- _TO DO_
Reproduce the listing in its entirety. Do not reproduce the pictures.

- _COLLECTED DATA_

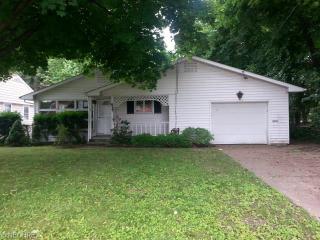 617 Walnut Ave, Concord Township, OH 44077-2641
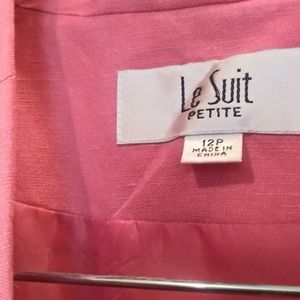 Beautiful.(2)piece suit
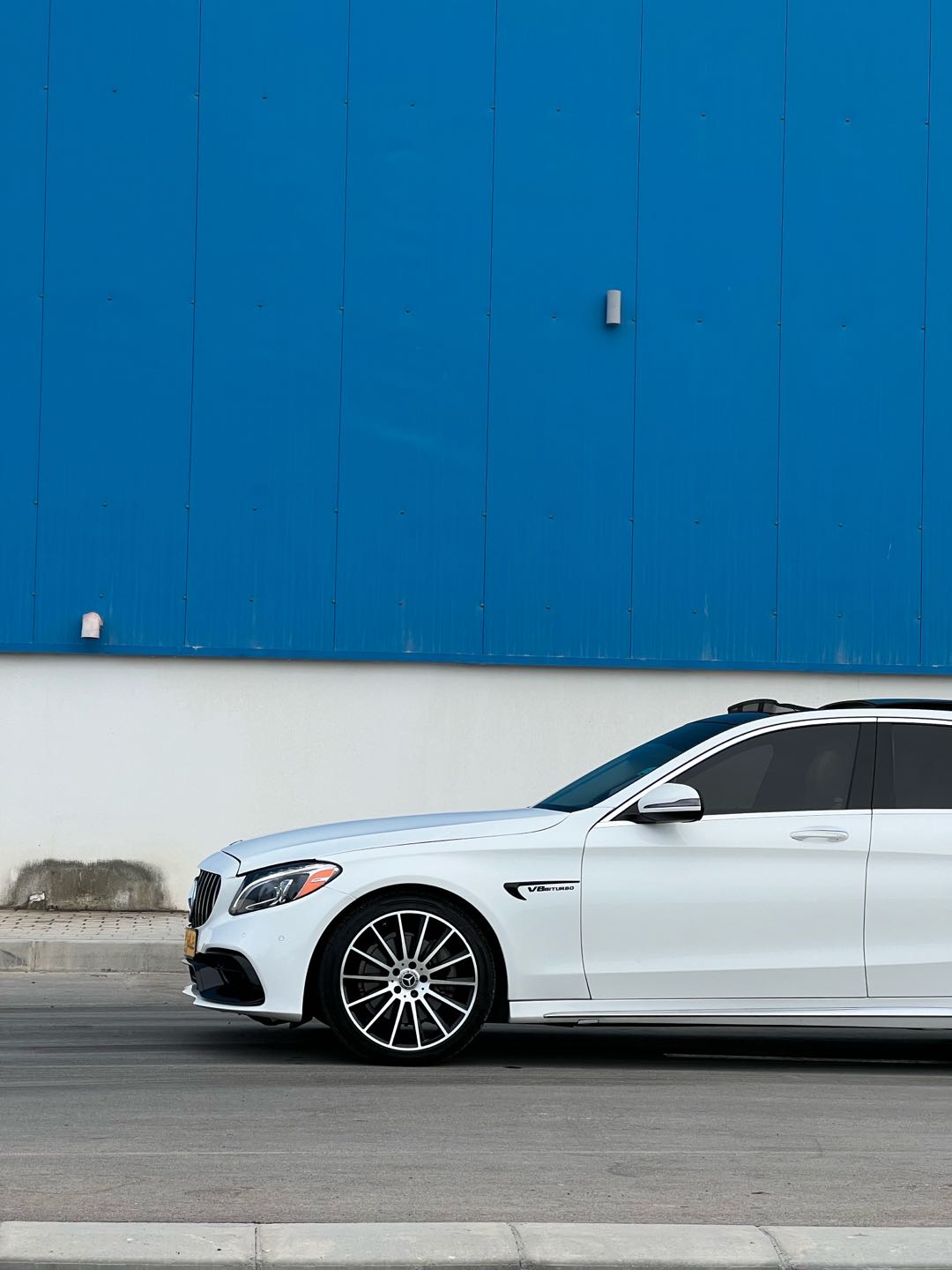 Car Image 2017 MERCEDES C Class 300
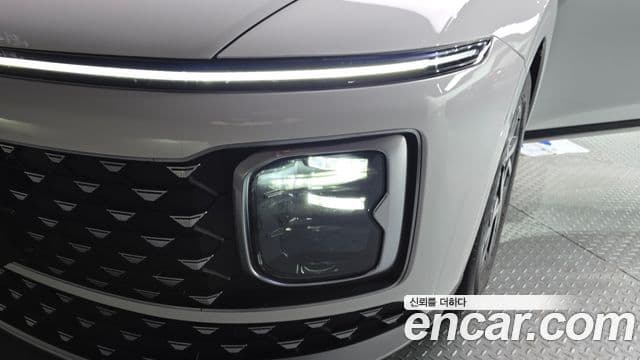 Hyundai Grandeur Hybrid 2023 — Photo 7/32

- _EXERCISE RESULT_
 617 Walnut Ave, Concord Township, OH 44077-2641
 Beautiful.(2)piece suit
 Car Image 2017 MERCEDES C Class 300
 Hyundai Grandeur Hybrid 2023 — Photo 7/32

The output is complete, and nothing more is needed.